***** The input *****
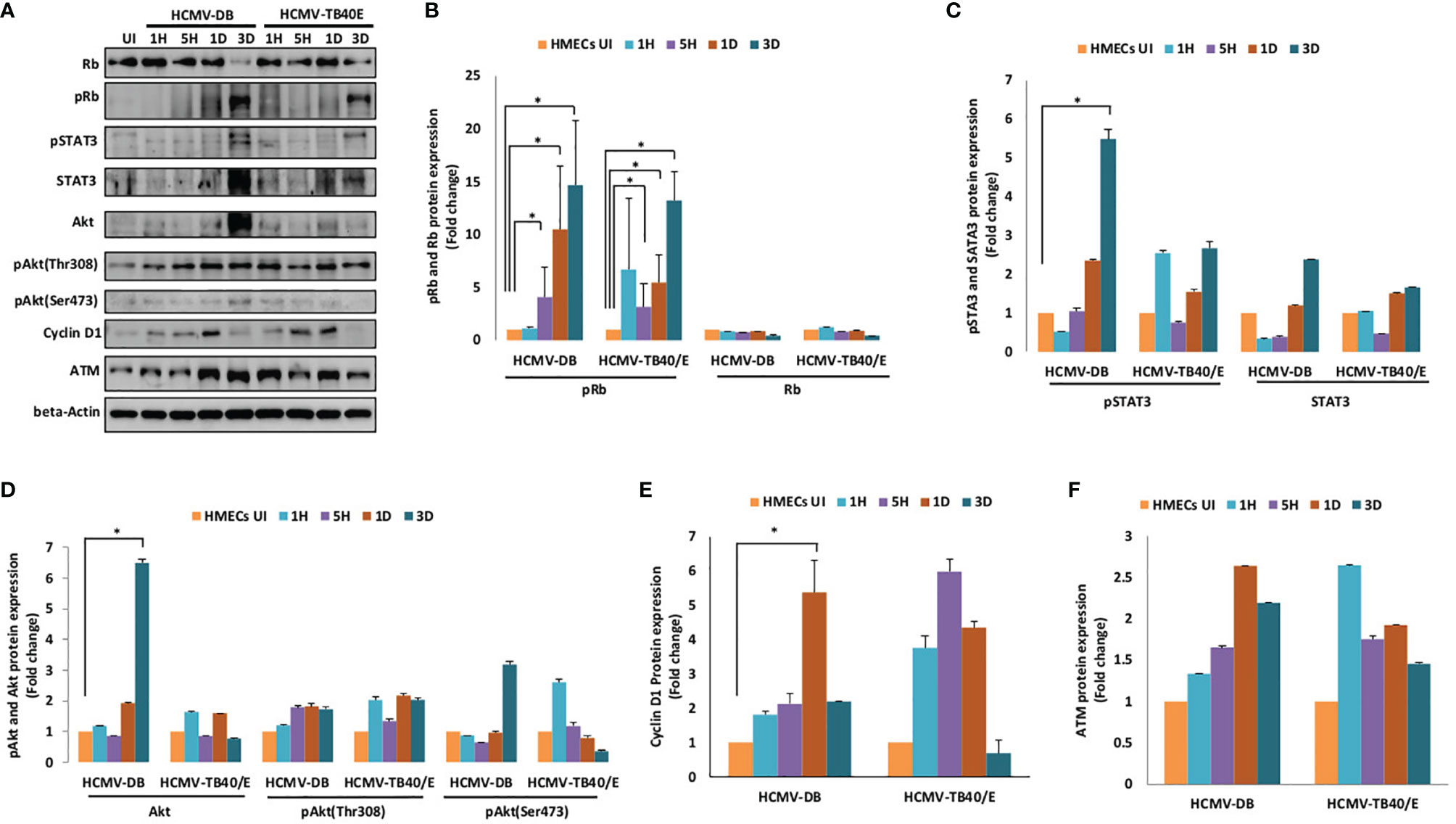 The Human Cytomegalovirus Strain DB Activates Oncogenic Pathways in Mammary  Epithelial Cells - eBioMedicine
*****
***** The input *****
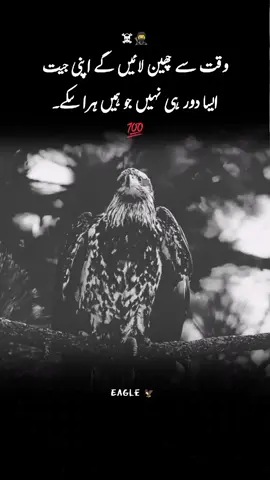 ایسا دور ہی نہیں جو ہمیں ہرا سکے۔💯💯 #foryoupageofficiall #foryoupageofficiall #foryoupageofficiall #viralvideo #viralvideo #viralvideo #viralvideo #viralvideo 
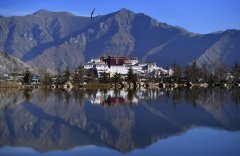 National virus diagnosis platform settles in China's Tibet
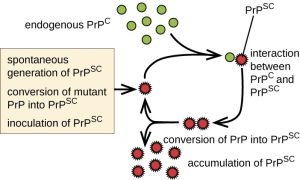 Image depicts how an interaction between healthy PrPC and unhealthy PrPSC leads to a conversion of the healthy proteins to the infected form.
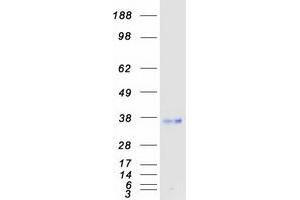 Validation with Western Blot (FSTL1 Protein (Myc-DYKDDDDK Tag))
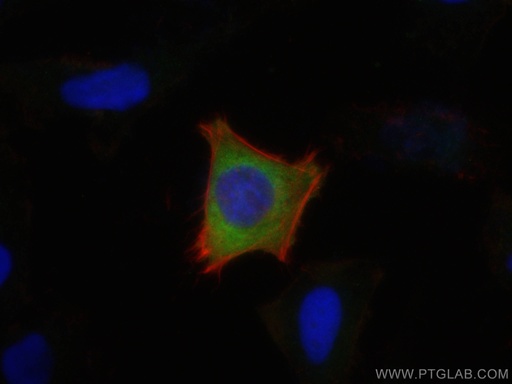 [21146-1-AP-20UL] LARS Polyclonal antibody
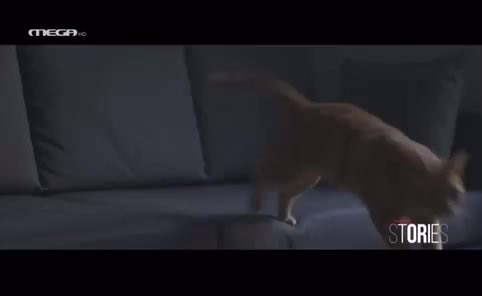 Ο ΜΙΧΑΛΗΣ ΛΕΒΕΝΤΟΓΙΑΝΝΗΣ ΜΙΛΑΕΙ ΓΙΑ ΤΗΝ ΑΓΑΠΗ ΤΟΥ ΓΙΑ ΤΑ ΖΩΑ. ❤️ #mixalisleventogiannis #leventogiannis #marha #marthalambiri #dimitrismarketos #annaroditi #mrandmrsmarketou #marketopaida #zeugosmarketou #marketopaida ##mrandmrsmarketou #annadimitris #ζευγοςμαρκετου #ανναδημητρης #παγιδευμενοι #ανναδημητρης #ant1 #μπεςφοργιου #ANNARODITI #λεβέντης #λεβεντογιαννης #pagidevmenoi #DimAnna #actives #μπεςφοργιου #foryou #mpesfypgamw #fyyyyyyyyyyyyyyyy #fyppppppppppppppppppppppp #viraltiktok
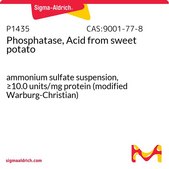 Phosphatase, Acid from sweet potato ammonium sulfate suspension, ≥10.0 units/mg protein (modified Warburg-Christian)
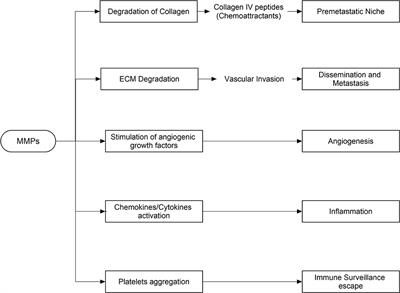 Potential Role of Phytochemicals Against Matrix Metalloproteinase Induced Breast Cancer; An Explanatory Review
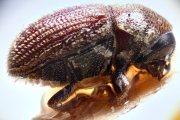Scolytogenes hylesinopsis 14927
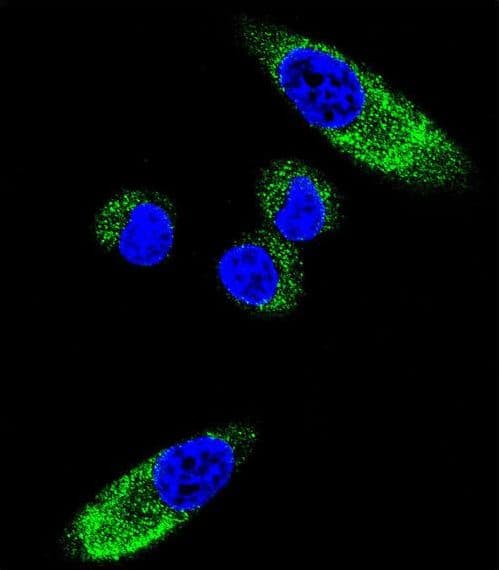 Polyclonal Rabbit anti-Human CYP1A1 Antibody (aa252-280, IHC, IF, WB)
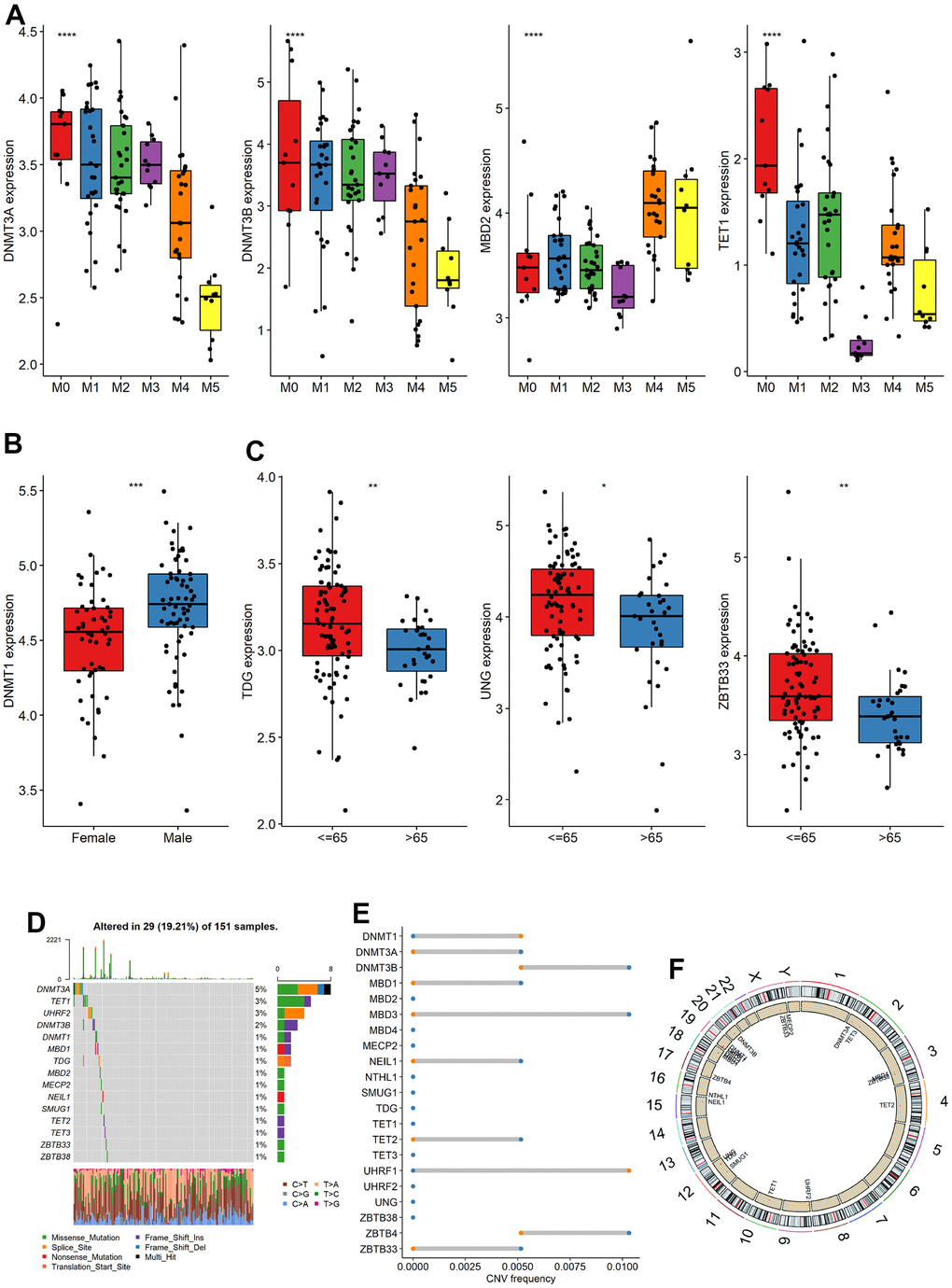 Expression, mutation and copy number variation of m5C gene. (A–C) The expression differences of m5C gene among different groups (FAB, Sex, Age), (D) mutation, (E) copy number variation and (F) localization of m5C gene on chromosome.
*****
***** The input *****
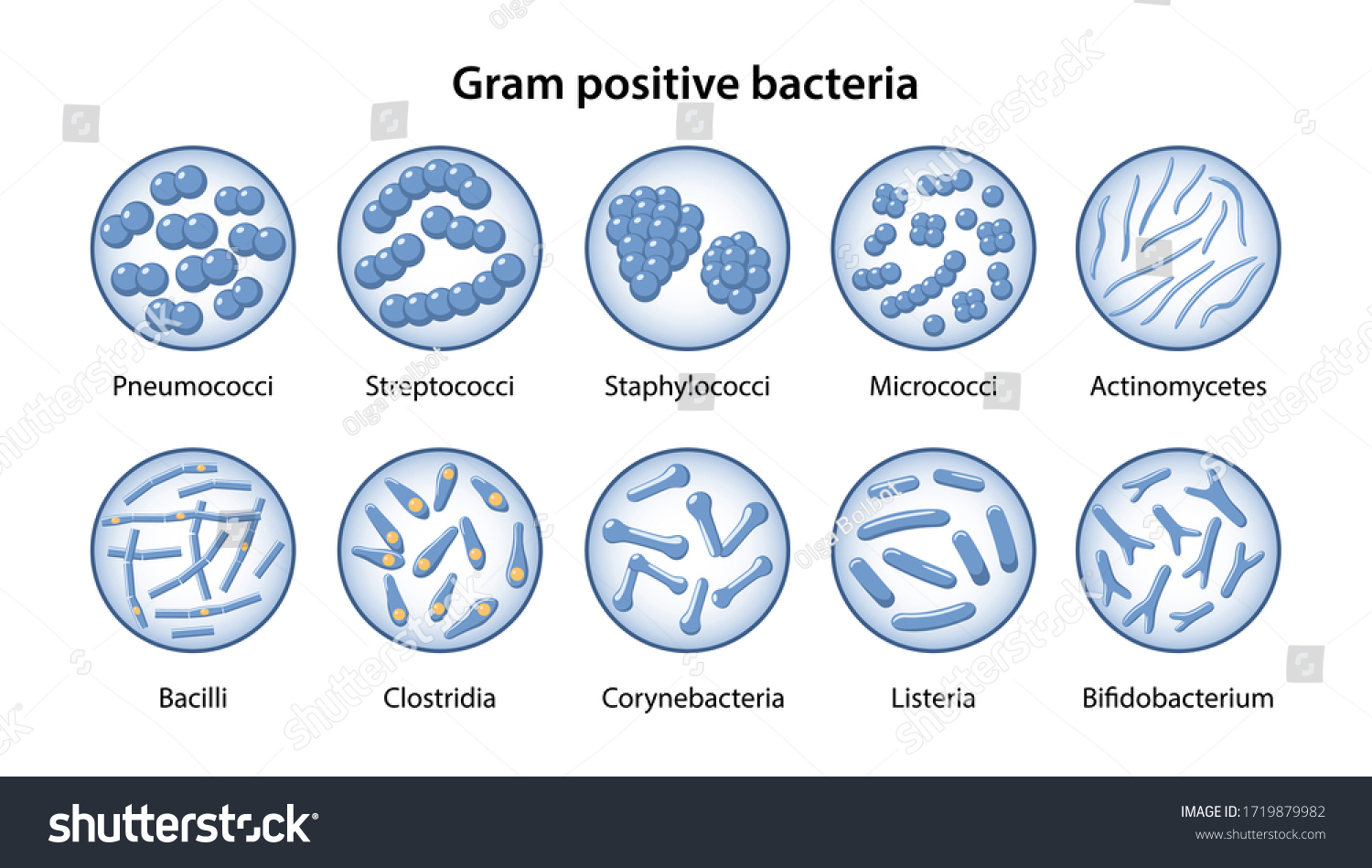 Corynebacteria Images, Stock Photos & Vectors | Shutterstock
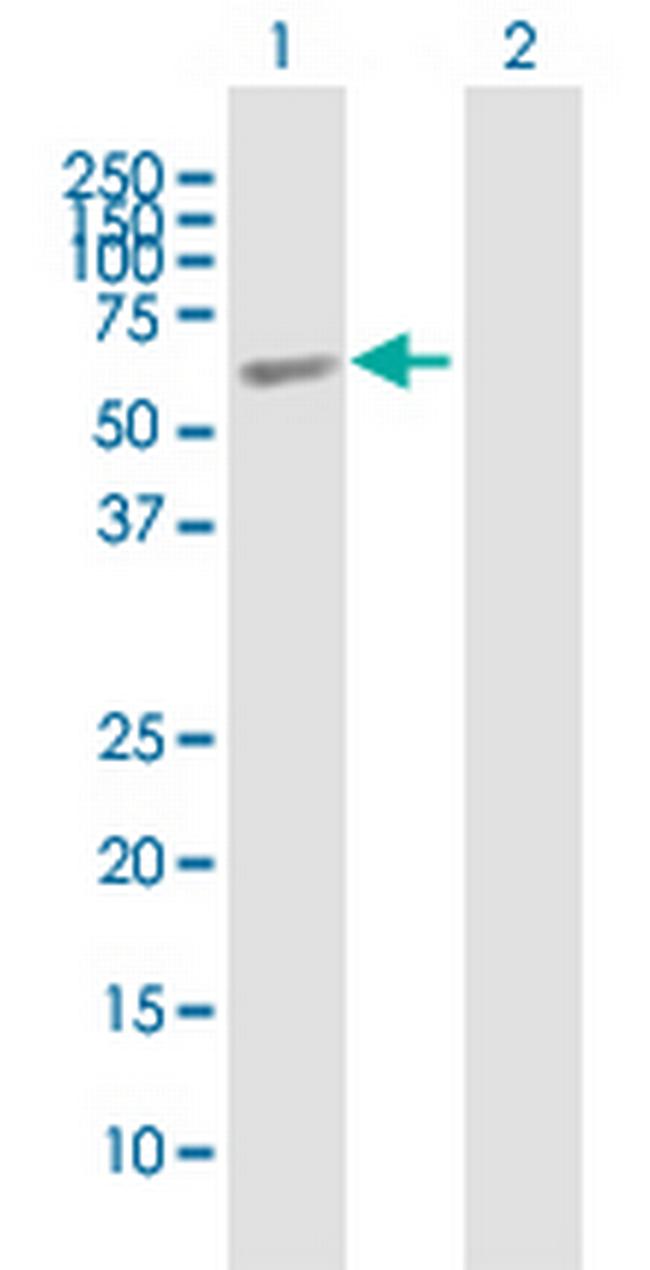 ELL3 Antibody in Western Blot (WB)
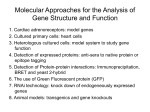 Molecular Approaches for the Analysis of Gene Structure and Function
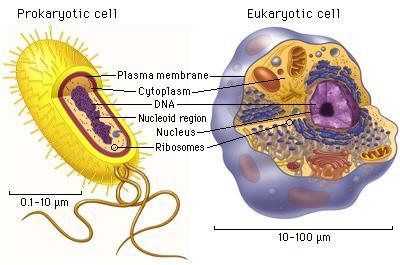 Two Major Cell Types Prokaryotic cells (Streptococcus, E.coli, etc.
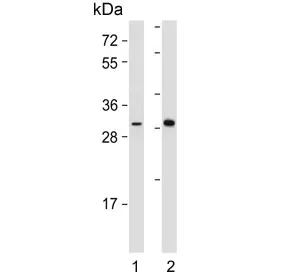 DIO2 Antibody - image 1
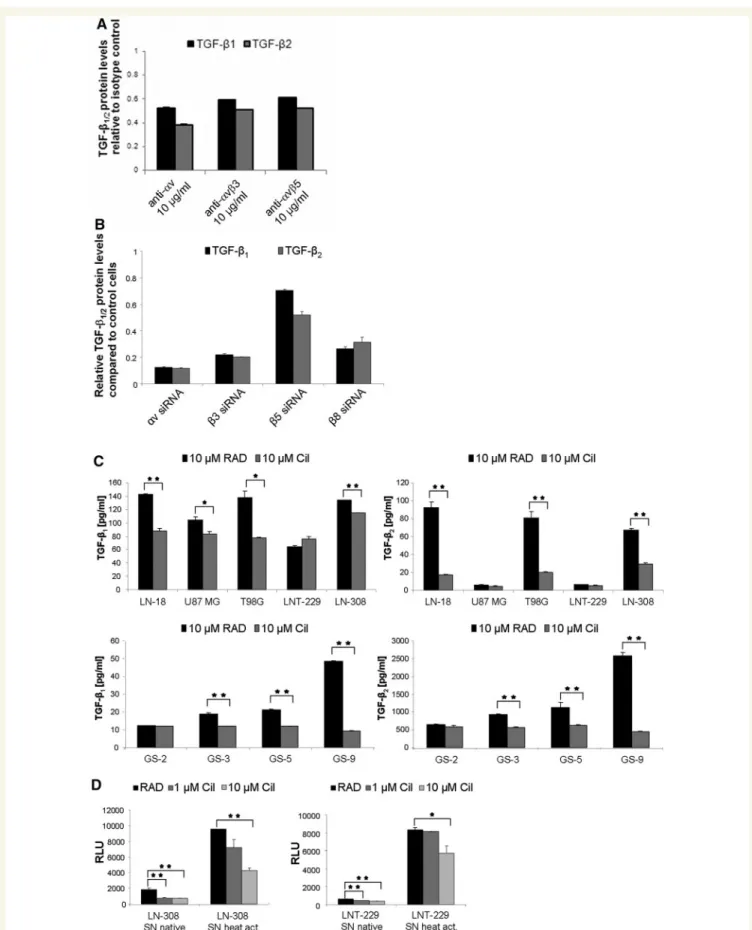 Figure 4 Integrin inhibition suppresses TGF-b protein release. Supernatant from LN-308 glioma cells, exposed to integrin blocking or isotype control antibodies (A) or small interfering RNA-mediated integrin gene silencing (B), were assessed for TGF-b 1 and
*****
**Assignment:** Reproduce the data above exactly, but only the lines from the one showing "Validation with Western" through the one showing "Expression, mutation and", with both ends kept and the pictures left out.

**Reply:**
 Validation with Western Blot (FSTL1 Protein (Myc-DYKDDDDK Tag))
 [21146-1-AP-20UL] LARS Polyclonal antibody
 Ο ΜΙΧΑΛΗΣ ΛΕΒΕΝΤΟΓΙΑΝΝΗΣ ΜΙΛΑΕΙ ΓΙΑ ΤΗΝ ΑΓΑΠΗ ΤΟΥ ΓΙΑ ΤΑ ΖΩΑ. ❤️ #mixalisleventogiannis #leventogiannis #marha #marthalambiri #dimitrismarketos #annaroditi #mrandmrsmarketou #marketopaida #zeugosmarketou #marketopaida ##mrandmrsmarketou #annadimitris #ζευγοςμαρκετου #ανναδημητρης #παγιδευμενοι #ανναδημητρης #ant1 #μπεςφοργιου #ANNARODITI #λεβέντης #λεβεντογιαννης #pagidevmenoi #DimAnna #actives #μπεςφοργιου #foryou #mpesfypgamw #fyyyyyyyyyyyyyyyy #fyppppppppppppppppppppppp #viraltiktok
 Phosphatase, Acid from sweet potato ammonium sulfate suspension, ≥10.0 units/mg protein (modified Warburg-Christian)
 Potential Role of Phytochemicals Against Matrix Metalloproteinase Induced Breast Cancer; An Explanatory Review
Scolytogenes hylesinopsis 14927
 Polyclonal Rabbit anti-Human CYP1A1 Antibody (aa252-280, IHC, IF, WB)
 Expression, mutation and copy number variation of m5C gene. (A–C) The expression differences of m5C gene among different groups (FAB, Sex, Age), (D) mutation, (E) copy number variation and (F) localization of m5C gene on chromosome.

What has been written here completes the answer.